Continue reading "Tile smiles took a while" »
Mouthing off
August 23, 2016
See? I told you the mouths would go faster. One week. Boom!
I have to tweak a few things and then it's fill-in-all-the-faces time. Then grouting. Then confronting the cavernous void that is at the center of every adult life.
Or maybe I'll start another project; I haven't decided yet.
Mosaic slog blog
August 16, 2016
Hey, I am working on a pretty involved project this summer!
The design might look familiar to some of you.
I used transfer paper to get the design onto the board.
Then I outlined the faces with little black tiles.
Then I started to fill in the eyes. This took me over a month; I had to cut each tile by hand to fit.
The tile-cutting technique used to approximate a curve is called keystoning, and I got a lot of practice in it.
Sometimes it went well for a good stretch, and sometimes it got ridiculously fiddly. If I had to do it over again I would've drawn the faces larger; I'm having to fudge some stuff to make the current design work as it is.
Yay! I finally finished filling in the eyes on Sunday. I felt triumphant--for about half an hour. There's still a lot to do here.
Having to take frequent breaks to keep my back limber and peel globs of gross dried glue off my fingers is not speeding up this process at all, either.
Sometimes I wish I'd started doing mosaics years ago, but I seriously doubt I had the patience for it until recently. I sort of can't believe I have the patience now. Getting older is cool in a lot of ways.
I was delighted to realize the mouths are going to go relatively quickly. It took about 20 minutes to fill all this in before work today.
I'd like to be finished with this in a month, but I can't tell if that's realistic or not. Probably not, but I am going to tile like hell and see. Onward!
(And no, I never finished the fox. Maybe by Christmas.)
Tree farm: summer migration
June 29, 2016
According to our resident green thumb guy, Bryan, the office redbuds were finally big enough to be transplanted into bigger pots a couple of weeks ago. The only thing was, though lush and luxuriant, they were also pitiably weak and floppy from spending their whole lives indoors, protected from wind and temperature spikes and enjoying thrice-weekly watering.

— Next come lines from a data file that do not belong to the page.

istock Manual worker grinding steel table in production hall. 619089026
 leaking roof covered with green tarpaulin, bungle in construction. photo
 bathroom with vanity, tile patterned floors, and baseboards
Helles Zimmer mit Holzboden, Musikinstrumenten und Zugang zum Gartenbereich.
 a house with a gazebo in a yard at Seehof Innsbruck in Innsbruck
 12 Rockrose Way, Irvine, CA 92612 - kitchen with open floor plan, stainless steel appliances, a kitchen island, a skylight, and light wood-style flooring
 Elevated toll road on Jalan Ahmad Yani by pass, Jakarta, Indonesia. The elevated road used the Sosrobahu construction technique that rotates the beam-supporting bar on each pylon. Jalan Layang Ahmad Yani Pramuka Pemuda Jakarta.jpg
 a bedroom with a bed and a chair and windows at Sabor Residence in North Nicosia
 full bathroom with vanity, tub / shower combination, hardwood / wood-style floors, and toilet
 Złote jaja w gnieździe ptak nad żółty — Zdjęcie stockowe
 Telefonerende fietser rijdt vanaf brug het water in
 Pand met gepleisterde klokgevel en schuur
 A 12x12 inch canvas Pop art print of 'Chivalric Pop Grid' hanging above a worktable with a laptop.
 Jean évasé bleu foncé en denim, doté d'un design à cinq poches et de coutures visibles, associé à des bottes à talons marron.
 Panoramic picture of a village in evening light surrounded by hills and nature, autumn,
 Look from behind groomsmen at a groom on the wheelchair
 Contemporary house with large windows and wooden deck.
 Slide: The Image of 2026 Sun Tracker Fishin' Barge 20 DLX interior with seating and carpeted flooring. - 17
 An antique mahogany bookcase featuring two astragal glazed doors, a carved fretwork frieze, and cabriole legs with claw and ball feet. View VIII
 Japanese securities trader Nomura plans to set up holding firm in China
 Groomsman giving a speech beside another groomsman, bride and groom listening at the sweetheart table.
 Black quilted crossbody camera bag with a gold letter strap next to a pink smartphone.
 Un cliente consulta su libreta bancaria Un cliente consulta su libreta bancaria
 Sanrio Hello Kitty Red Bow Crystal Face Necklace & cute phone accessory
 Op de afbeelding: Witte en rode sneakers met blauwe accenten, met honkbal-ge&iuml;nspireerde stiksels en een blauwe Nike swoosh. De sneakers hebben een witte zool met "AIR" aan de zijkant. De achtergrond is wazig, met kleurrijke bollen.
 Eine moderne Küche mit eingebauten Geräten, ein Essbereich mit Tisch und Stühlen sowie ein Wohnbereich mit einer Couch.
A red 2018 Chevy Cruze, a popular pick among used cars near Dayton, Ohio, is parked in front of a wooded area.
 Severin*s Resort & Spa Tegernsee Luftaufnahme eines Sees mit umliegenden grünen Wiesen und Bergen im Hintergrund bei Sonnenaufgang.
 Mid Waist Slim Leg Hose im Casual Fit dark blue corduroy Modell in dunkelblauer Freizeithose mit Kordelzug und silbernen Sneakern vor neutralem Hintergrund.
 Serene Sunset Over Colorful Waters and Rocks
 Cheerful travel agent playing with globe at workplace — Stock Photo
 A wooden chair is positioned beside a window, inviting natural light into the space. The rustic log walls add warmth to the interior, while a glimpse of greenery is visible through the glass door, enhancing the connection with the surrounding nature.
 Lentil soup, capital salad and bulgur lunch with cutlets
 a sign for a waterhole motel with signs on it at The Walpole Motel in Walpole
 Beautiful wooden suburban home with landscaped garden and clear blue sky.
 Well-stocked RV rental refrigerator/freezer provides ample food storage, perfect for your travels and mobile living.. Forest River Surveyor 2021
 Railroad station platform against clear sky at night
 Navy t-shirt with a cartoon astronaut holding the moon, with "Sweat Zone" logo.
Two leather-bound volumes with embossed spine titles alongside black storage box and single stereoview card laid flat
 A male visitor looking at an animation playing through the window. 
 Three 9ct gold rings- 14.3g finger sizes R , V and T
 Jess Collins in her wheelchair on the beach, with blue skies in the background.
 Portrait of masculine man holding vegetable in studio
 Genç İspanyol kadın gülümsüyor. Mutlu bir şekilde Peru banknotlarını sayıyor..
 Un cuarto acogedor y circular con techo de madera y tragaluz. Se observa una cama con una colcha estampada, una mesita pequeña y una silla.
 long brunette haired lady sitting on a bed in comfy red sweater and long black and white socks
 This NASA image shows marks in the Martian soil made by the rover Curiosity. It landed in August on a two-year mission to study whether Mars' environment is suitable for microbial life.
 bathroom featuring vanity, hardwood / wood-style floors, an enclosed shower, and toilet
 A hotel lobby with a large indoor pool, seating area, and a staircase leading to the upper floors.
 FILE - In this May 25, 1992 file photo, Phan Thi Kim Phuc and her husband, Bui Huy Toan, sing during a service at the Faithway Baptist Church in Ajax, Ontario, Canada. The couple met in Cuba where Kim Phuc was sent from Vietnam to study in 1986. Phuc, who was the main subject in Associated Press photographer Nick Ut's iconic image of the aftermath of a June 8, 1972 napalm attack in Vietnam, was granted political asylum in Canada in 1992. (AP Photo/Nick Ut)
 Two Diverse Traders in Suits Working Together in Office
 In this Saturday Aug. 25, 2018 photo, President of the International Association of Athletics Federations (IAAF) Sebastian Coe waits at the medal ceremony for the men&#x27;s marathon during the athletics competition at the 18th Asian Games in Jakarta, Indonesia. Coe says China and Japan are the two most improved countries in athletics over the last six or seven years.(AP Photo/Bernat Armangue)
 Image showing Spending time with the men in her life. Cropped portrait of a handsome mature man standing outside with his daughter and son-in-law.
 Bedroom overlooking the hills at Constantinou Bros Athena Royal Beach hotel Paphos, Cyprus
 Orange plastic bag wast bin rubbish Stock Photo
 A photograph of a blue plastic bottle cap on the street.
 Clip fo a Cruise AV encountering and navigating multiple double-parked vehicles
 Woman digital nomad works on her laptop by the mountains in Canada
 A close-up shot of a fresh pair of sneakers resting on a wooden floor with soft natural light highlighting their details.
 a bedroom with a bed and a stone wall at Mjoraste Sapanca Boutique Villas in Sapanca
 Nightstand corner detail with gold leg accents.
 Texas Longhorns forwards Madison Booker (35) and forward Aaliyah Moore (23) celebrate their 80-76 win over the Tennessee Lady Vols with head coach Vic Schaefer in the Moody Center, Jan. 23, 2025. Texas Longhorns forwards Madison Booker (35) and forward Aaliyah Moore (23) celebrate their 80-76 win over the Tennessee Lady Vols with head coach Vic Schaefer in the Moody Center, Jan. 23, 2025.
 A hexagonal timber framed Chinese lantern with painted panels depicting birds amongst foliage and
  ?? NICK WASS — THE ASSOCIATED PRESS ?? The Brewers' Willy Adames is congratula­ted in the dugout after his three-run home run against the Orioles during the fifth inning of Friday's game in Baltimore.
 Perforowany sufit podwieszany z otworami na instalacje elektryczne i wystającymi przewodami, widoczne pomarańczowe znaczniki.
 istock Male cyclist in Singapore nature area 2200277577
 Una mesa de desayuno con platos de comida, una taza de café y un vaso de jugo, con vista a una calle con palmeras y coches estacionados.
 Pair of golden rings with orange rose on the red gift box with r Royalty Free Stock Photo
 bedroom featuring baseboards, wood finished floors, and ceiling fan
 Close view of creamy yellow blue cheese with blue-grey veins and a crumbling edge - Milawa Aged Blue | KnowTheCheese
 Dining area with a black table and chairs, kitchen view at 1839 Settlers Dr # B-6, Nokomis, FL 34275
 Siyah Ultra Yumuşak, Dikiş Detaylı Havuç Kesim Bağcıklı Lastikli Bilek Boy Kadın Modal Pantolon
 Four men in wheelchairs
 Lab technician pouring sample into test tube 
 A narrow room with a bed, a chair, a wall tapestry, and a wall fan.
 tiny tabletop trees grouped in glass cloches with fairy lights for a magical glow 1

There they are to the right, sharing the window and the beautiful Dumpster view with another coworker's large-scale jade propagation experiment.
To compare: I planted these from seed from the same tree the same week as the giants up above, but they've been outside on the back patio this whole time. They've endured frost, heat, neglect, and not-terribly-regular watering. As a result, they are tiny but tough--the stems are rigid and the leaves are like leather.
Bryan gave me some metro shelves and recommended I take the floppy indoor guys home to my patio for a few weeks so they'd harden off a bit before transplanting. They do indeed seem to have a little more backbone than before.
(I have better pictures of the shelf setup, but I really wanted to show off the 1.75 inches of rain we got yesterday afternoon. The temperature dropped from 100 to 75 in about 20 minutes after the sky opened up. It was great.)
Bryan had become so dedicated to the cause he even came over to the house yesterday to transplant the seedlings into gallon pots so they'll have more soil and therefore moisture to grow in. In exchange we let him hang out with Üter.
Eric and I also cooked him Tandoori chicken and homemade naan on my new gas grill, which I am sure you will read all about in due time; I am deeply in love with it.
So now we just water, and wait. As soon as it cools off this fall it'll be time to put them in the ground.
In the meantime, I just put some Texas mountain laurel seeds in some pots in the front office, and I notice the redbud seeds from this spring are also about ready to pick and plant. Maybe I'll just keep doing this every year until my entire yard is choked with redbuds and becomes a vast cloud of pink for two weeks every March.